Task data:
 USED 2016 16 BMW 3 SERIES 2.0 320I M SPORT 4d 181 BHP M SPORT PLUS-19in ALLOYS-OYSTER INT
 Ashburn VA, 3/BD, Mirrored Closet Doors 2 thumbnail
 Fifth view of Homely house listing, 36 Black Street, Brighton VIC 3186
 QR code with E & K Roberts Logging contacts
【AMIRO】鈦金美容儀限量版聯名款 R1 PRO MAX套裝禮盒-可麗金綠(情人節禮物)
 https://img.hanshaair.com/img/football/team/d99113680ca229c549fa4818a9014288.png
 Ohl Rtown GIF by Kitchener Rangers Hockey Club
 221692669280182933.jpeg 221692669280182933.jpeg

* * *

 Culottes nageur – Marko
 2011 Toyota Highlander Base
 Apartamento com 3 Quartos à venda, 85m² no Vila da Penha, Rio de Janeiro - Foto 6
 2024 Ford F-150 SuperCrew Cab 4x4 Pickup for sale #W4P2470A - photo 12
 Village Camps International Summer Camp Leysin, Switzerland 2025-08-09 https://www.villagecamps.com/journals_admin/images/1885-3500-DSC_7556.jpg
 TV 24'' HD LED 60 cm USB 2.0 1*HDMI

---

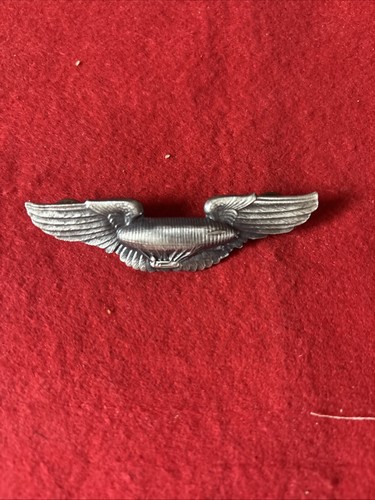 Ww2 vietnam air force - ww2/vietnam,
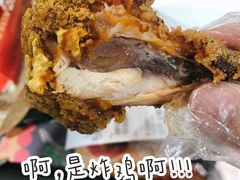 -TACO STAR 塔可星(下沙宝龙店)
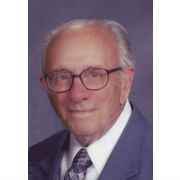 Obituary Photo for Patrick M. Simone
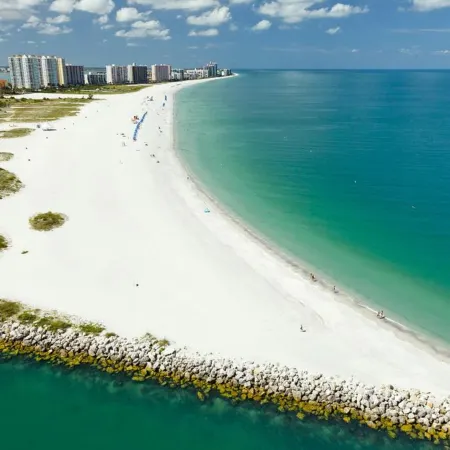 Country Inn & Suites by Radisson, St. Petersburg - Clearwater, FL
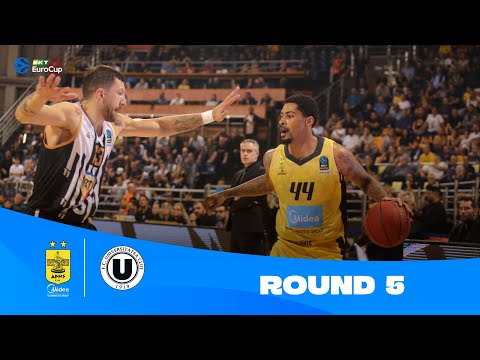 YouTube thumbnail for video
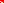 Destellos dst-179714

Work task: What do the lines above say from the one containing "USED 2016 16" down to the one containing "221692669280182933.jpeg 221692669280182933.jpeg"? Return them exactly, both end lines included, and only them.

Solution to this task:
 USED 2016 16 BMW 3 SERIES 2.0 320I M SPORT 4d 181 BHP M SPORT PLUS-19in ALLOYS-OYSTER INT
 Ashburn VA, 3/BD, Mirrored Closet Doors 2 thumbnail
 Fifth view of Homely house listing, 36 Black Street, Brighton VIC 3186
 QR code with E & K Roberts Logging contacts
【AMIRO】鈦金美容儀限量版聯名款 R1 PRO MAX套裝禮盒-可麗金綠(情人節禮物)
 https://img.hanshaair.com/img/football/team/d99113680ca229c549fa4818a9014288.png
 Ohl Rtown GIF by Kitchener Rangers Hockey Club
 221692669280182933.jpeg 221692669280182933.jpeg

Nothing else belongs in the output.